- [PROBLEM] Within the entries below, please retype exactly the lines starting with the line that has "Funny skiing Mom" and going on through the line that has "Blue Hydrangea Wall", but not the pictures.

- [DATA EXTRACTS]
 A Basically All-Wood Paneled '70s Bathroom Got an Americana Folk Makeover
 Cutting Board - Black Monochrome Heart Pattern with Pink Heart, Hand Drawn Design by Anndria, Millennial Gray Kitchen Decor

==

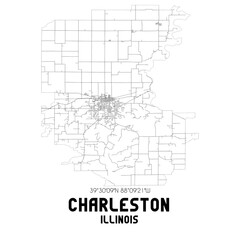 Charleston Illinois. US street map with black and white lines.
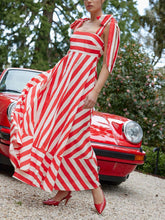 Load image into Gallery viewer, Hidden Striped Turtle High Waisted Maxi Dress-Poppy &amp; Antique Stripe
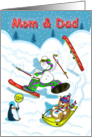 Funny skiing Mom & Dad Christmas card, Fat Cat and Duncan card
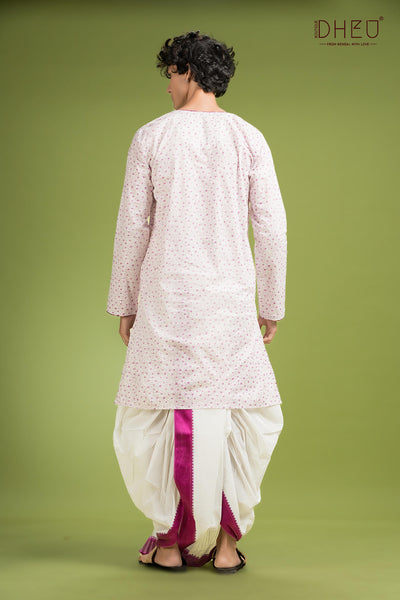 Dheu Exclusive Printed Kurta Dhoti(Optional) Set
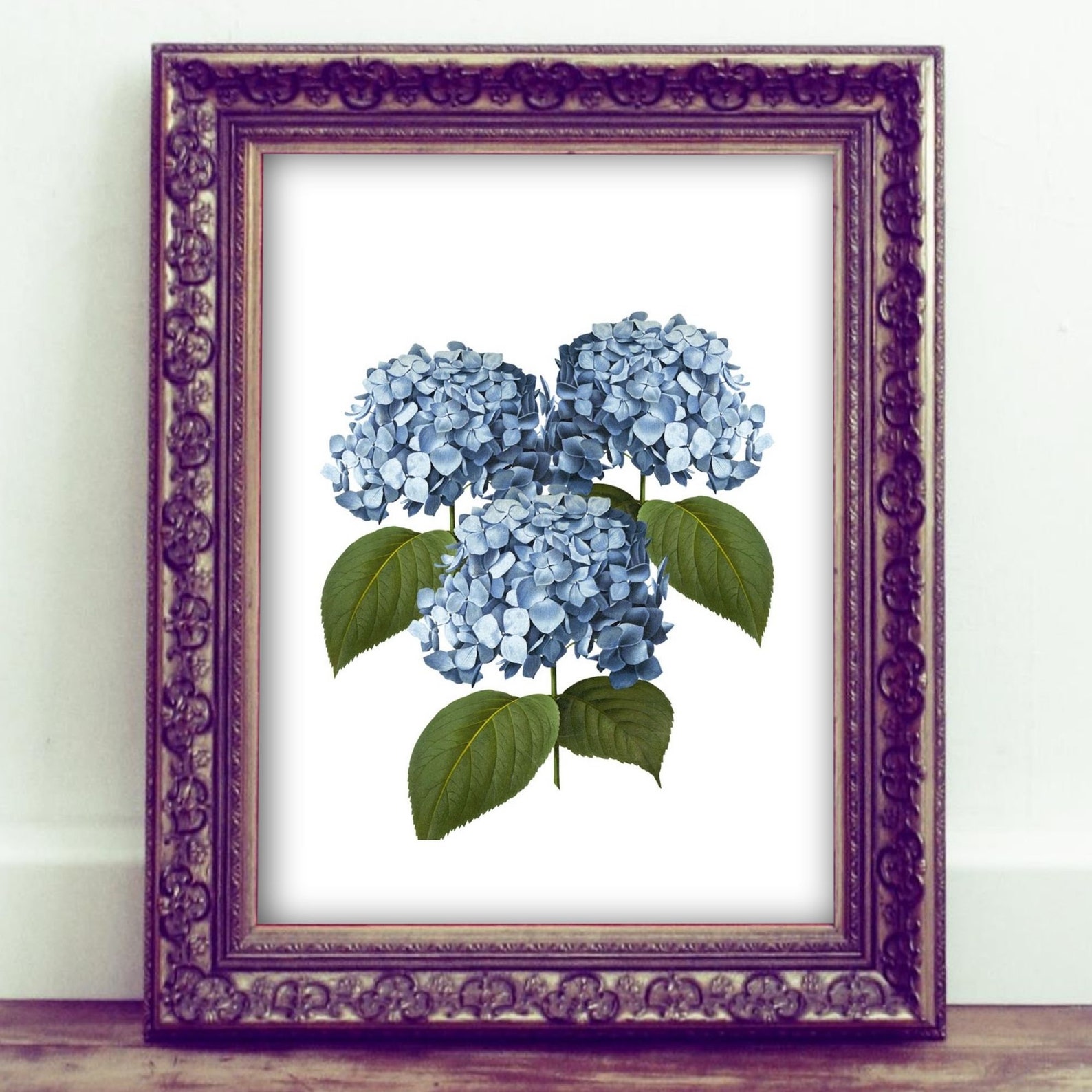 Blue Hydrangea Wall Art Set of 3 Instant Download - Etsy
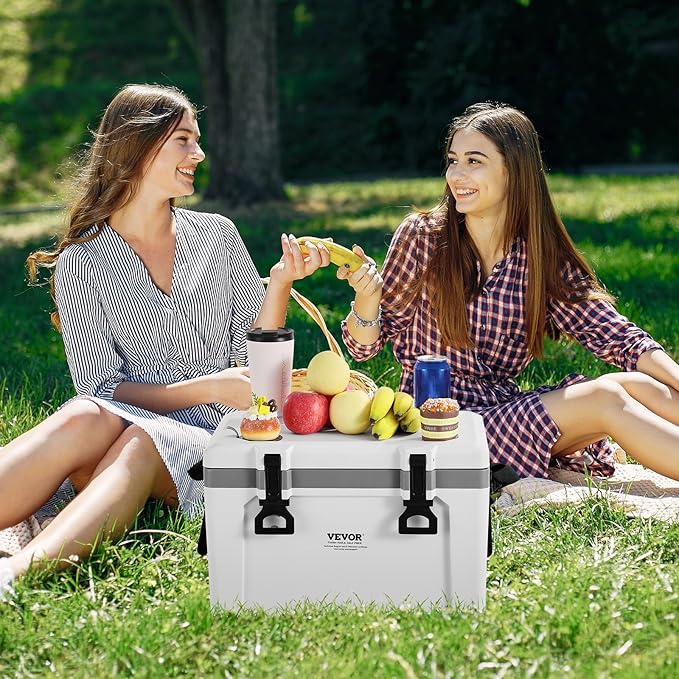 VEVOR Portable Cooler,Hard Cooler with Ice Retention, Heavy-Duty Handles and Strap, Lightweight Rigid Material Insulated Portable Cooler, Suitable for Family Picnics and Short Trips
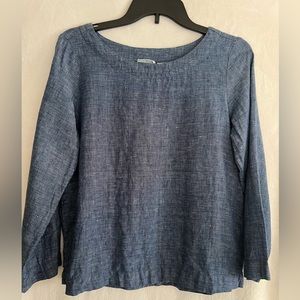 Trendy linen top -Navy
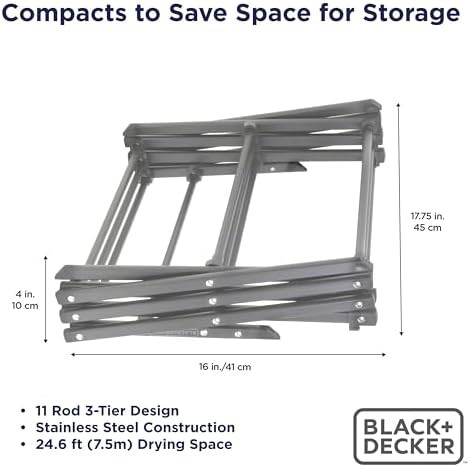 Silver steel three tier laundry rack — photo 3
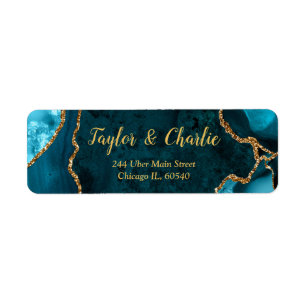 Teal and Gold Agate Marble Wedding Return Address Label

- [ANSWER SECTION]
 Funny skiing Mom & Dad Christmas card, Fat Cat and Duncan card
 Dheu Exclusive Printed Kurta Dhoti(Optional) Set
 Blue Hydrangea Wall Art Set of 3 Instant Download - Etsy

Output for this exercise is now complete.